Enjeux de la galaxie altermondialiste, du monde à la Côte d'Or

Par Philippe CORCUFF

Maître de conférence de science politique à l'Institut d'études Politiques de Lyon
Membre du Conseil Scientifique d'ATTAC
Auteur notamment de : La société de verre - Pour une éthique de la fragilité (Armand Colin, 2002) et de Prises de tête pour un autre monde (Textuel, 2004)

Nous participons aujourd'hui à un Forum Social Local : forums sociaux mondiaux, forums sociaux européens, forums sociaux locaux ... ce sont des moments de débats et de propositions qui alimentent la galaxie du mouvement altermondialiste. Or la galaxie altermondialiste constitue peut-être le creuset d'un mouvement d'émancipation rénové pour le XXIe siècle, au carrefour de traditions émancipatrices anciennes et de nouvelles formes naissantes. Afin d'ouvrir cette séance plénière, je vais tenter de poser quelques problèmes en jeu dans cette galaxie émancipatrice balbutiante, avant de passer aux propositions et aux idées principales qui ont émergé des ateliers. Les problèmes que je vais identifier constituent des enjeux pour la galaxie altermondialiste. Il s'agit de la question de la culture expérimentale, de la question des rapports local-national-européen-mondial et de la question de la place de l'individualité.

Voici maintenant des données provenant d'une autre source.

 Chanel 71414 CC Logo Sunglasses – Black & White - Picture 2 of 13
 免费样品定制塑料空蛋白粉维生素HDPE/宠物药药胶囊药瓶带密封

La réinvention de la culture expérimentale

La culture de la gauche au XXe siècle a peu à peu privilégié deux dimensions de l'action : l'action revendicative (des demandes d'améliorations adressées à des dominants, économiques ou étatiques, appuyées sur des rapports de force) et la prise du pouvoir comme moyen central de sauts qualitatifs dans l'amélioration de la situation ; les deux s'inscrivant souvent dans une mystique du "Grand Soir". Le mouvement socialiste français prenait pourtant appui au début du XXe siècle sur un trépied ; un pied ayant été peu à peu abandonné. Jean Jaurès (1859-1914) définissait ainsi le socialisme comme basé sur le syndicalisme, l'action parlementaire et les coopératives. La dimension expérimentale incluse dans le mouvement coopératif a ainsi été peu à peu marginalisée. Pourtant le mouvement coopératif s'efforçait de commencer, ici et maintenant, à inventer d'autres formes de vie et de travail, à côté des luttes pour obtenir des améliorations, sans attendre que des "partis-amis" prennent le pouvoir, ni qu'un miraculeux "Grand soir" ne nous délivre de l'oppression. La part expérimentale de l'action émancipatrice suppose une certaine vision de l'action humaine, qui abandonne les idées de Certitude, de Pureté, d'Absolu, de Maîtrise toute-puissante, pour assumer les fragilités et les faiblesses de la condition humaine, en intégrant une composante d'incertitude. Elle pousse à rééquilibrer la politique du côté des valeurs socialement constituées comme "féminines" (associées à la fragilité) par rapport aux valeurs socialement constituées comme "masculines" (associées à la force) dans nos sociétés encore patriarcales.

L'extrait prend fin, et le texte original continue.